**TASK TO CARRY OUT**.
Repeat only the stretch of lines below that runs from the line with "AUTOOL SVB403 Automotive" through the line with "Controls of 2019 Golf GTI SE", unaltered.
*** Opening THE INPUT ***
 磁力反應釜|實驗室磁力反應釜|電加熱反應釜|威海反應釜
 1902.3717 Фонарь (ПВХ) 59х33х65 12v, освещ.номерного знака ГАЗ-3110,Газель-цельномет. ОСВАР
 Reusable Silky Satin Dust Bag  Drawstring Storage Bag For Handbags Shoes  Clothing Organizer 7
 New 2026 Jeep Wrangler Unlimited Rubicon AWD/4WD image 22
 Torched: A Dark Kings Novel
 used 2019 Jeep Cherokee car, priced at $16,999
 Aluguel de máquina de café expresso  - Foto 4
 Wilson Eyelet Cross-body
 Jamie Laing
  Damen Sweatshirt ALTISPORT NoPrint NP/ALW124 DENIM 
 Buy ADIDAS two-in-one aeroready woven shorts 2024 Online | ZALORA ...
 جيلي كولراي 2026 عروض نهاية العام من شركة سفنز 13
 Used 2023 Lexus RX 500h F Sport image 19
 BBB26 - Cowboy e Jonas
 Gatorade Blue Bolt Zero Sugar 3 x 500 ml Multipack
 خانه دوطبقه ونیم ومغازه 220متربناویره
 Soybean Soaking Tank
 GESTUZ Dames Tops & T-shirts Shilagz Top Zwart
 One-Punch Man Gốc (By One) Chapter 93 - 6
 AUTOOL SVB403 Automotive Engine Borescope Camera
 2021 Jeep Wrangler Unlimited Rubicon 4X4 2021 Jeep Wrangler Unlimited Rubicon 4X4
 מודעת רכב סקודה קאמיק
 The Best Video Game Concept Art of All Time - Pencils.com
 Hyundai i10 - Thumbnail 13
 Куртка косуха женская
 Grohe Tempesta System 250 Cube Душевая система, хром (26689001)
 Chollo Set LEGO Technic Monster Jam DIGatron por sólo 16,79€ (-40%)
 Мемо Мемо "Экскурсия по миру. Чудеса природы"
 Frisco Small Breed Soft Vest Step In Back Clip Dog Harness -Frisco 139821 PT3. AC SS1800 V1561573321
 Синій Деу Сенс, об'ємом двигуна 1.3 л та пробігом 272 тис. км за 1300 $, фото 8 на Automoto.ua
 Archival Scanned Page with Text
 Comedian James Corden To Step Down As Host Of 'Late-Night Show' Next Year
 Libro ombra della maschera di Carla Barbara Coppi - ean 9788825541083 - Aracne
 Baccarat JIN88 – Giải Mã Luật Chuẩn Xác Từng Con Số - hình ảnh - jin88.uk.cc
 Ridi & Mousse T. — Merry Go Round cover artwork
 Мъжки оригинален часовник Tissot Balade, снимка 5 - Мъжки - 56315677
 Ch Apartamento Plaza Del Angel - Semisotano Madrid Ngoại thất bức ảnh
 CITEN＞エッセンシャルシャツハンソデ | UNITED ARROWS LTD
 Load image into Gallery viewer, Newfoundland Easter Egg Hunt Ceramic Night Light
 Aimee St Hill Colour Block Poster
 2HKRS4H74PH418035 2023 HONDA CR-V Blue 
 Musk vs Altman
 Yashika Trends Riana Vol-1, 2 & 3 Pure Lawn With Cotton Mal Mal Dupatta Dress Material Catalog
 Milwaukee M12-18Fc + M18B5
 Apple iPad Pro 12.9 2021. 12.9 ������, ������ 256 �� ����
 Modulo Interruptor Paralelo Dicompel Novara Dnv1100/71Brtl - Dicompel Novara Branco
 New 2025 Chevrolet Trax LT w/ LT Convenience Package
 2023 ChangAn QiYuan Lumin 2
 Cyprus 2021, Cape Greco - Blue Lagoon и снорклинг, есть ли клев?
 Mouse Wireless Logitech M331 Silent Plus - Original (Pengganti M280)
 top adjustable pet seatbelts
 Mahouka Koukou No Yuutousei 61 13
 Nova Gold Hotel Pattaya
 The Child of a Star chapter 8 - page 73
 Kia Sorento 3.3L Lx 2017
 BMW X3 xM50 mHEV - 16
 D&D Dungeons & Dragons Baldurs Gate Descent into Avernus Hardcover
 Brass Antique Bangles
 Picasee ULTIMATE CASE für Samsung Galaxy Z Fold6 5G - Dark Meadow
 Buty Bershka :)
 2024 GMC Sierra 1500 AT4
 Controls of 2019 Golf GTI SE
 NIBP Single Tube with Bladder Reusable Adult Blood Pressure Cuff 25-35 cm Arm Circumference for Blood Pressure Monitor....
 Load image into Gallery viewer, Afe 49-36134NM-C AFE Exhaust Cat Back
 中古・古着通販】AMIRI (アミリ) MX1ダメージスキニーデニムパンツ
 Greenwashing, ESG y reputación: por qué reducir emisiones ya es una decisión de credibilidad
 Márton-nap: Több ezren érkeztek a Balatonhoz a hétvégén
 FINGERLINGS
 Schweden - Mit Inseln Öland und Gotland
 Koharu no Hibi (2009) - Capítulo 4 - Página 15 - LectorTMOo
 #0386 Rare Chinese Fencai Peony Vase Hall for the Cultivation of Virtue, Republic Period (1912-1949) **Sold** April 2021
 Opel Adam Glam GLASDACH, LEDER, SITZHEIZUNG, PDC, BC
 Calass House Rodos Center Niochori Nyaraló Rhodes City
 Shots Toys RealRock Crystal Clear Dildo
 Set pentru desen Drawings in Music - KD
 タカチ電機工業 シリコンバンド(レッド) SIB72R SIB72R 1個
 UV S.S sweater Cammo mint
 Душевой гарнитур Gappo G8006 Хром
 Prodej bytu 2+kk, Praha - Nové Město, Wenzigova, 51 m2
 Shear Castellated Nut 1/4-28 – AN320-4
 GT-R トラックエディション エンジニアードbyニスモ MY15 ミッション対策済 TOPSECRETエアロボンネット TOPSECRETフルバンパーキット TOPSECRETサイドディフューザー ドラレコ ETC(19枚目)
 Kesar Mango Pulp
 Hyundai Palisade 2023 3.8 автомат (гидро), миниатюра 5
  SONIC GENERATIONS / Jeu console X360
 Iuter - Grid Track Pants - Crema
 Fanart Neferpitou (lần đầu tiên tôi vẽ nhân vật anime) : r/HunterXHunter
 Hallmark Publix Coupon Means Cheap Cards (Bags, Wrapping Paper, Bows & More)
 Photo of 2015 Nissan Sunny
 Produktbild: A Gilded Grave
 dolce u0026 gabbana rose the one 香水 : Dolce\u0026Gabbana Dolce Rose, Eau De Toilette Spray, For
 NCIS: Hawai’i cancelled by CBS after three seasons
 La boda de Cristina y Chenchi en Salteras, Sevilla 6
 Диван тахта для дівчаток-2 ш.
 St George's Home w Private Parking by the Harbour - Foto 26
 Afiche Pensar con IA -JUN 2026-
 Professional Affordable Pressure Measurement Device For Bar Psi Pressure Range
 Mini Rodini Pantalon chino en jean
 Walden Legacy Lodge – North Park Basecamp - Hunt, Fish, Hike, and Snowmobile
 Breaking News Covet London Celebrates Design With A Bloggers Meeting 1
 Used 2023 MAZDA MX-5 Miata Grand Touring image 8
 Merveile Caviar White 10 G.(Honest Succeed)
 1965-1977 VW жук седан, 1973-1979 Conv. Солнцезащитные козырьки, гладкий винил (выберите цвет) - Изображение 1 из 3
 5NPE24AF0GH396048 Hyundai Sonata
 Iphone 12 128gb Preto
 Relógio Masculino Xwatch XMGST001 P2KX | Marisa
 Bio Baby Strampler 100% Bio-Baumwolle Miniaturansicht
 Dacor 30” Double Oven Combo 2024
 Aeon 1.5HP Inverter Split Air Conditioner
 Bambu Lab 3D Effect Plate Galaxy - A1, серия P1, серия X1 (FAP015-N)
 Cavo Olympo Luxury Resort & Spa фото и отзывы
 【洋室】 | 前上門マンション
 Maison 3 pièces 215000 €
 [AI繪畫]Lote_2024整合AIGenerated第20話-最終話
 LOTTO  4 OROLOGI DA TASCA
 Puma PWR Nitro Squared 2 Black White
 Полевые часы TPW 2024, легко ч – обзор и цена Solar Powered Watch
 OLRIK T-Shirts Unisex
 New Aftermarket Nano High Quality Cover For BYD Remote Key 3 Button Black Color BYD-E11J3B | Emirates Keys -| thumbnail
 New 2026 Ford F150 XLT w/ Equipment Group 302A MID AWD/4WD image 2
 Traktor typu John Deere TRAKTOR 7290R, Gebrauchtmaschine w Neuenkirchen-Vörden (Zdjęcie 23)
*** Closing THE INPUT ***
**EXERCISE SOLUTION**.
 AUTOOL SVB403 Automotive Engine Borescope Camera
 2021 Jeep Wrangler Unlimited Rubicon 4X4 2021 Jeep Wrangler Unlimited Rubicon 4X4
 מודעת רכב סקודה קאמיק
 The Best Video Game Concept Art of All Time - Pencils.com
 Hyundai i10 - Thumbnail 13
 Куртка косуха женская
 Grohe Tempesta System 250 Cube Душевая система, хром (26689001)
 Chollo Set LEGO Technic Monster Jam DIGatron por sólo 16,79€ (-40%)
 Мемо Мемо "Экскурсия по миру. Чудеса природы"
 Frisco Small Breed Soft Vest Step In Back Clip Dog Harness -Frisco 139821 PT3. AC SS1800 V1561573321
 Синій Деу Сенс, об'ємом двигуна 1.3 л та пробігом 272 тис. км за 1300 $, фото 8 на Automoto.ua
 Archival Scanned Page with Text
 Comedian James Corden To Step Down As Host Of 'Late-Night Show' Next Year
 Libro ombra della maschera di Carla Barbara Coppi - ean 9788825541083 - Aracne
 Baccarat JIN88 – Giải Mã Luật Chuẩn Xác Từng Con Số - hình ảnh - jin88.uk.cc
 Ridi & Mousse T. — Merry Go Round cover artwork
 Мъжки оригинален часовник Tissot Balade, снимка 5 - Мъжки - 56315677
 Ch Apartamento Plaza Del Angel - Semisotano Madrid Ngoại thất bức ảnh
 CITEN＞エッセンシャルシャツハンソデ | UNITED ARROWS LTD
 Load image into Gallery viewer, Newfoundland Easter Egg Hunt Ceramic Night Light
 Aimee St Hill Colour Block Poster
 2HKRS4H74PH418035 2023 HONDA CR-V Blue 
 Musk vs Altman
 Yashika Trends Riana Vol-1, 2 & 3 Pure Lawn With Cotton Mal Mal Dupatta Dress Material Catalog
 Milwaukee M12-18Fc + M18B5
 Apple iPad Pro 12.9 2021. 12.9 ������, ������ 256 �� ����
 Modulo Interruptor Paralelo Dicompel Novara Dnv1100/71Brtl - Dicompel Novara Branco
 New 2025 Chevrolet Trax LT w/ LT Convenience Package
 2023 ChangAn QiYuan Lumin 2
 Cyprus 2021, Cape Greco - Blue Lagoon и снорклинг, есть ли клев?
 Mouse Wireless Logitech M331 Silent Plus - Original (Pengganti M280)
 top adjustable pet seatbelts
 Mahouka Koukou No Yuutousei 61 13
 Nova Gold Hotel Pattaya
 The Child of a Star chapter 8 - page 73
 Kia Sorento 3.3L Lx 2017
 BMW X3 xM50 mHEV - 16
 D&D Dungeons & Dragons Baldurs Gate Descent into Avernus Hardcover
 Brass Antique Bangles
 Picasee ULTIMATE CASE für Samsung Galaxy Z Fold6 5G - Dark Meadow
 Buty Bershka :)
 2024 GMC Sierra 1500 AT4
 Controls of 2019 Golf GTI SE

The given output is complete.